> Assignment: In the records that follow, the lines from the one containing "Prada Black with Cream Piping Wallet in Box" to the one containing "Đèn Pin Đội", inclusive, are to be given again exactly.

━━ Records

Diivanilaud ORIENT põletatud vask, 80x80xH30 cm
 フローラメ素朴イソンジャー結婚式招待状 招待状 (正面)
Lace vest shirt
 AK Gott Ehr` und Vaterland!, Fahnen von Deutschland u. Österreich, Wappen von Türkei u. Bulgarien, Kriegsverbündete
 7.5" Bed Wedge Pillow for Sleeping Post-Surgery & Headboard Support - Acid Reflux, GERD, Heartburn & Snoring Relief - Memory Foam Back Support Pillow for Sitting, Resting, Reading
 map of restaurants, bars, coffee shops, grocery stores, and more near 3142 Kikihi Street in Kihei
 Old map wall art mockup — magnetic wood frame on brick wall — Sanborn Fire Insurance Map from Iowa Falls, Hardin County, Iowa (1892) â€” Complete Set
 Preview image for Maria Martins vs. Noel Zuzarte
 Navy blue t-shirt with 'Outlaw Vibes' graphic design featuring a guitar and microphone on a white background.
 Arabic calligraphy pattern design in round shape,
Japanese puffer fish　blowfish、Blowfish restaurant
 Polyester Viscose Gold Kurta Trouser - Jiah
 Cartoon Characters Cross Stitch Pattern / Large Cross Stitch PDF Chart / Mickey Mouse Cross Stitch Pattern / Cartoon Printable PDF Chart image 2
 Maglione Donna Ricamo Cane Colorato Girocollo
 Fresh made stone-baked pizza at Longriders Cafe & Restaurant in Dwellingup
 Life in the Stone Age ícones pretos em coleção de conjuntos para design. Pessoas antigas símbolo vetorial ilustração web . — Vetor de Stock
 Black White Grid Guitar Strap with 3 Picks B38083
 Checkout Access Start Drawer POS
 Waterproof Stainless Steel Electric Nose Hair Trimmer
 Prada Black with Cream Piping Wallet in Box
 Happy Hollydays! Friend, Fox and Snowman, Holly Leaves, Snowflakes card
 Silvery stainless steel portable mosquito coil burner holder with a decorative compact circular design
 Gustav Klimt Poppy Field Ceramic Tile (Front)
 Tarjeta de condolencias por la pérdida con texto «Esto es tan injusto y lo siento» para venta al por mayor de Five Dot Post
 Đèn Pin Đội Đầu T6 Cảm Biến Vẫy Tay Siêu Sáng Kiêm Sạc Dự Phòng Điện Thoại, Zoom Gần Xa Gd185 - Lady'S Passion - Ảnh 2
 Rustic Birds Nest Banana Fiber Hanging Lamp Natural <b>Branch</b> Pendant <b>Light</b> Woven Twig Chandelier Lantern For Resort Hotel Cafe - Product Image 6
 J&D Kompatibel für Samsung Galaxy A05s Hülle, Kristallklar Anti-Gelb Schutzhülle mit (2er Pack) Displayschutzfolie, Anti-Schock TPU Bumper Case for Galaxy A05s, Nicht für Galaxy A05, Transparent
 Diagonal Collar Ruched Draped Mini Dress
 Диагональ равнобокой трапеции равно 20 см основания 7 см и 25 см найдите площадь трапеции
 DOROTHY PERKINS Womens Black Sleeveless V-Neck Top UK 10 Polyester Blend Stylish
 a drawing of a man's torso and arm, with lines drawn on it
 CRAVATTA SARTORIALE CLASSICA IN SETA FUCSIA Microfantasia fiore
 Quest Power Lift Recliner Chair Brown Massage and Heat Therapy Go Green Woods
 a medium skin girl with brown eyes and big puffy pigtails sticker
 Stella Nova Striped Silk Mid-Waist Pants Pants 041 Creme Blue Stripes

━━━━

> Result of the task:
 Prada Black with Cream Piping Wallet in Box
 Happy Hollydays! Friend, Fox and Snowman, Holly Leaves, Snowflakes card
 Silvery stainless steel portable mosquito coil burner holder with a decorative compact circular design
 Gustav Klimt Poppy Field Ceramic Tile (Front)
 Tarjeta de condolencias por la pérdida con texto «Esto es tan injusto y lo siento» para venta al por mayor de Five Dot Post
 Đèn Pin Đội Đầu T6 Cảm Biến Vẫy Tay Siêu Sáng Kiêm Sạc Dự Phòng Điện Thoại, Zoom Gần Xa Gd185 - Lady'S Passion - Ảnh 2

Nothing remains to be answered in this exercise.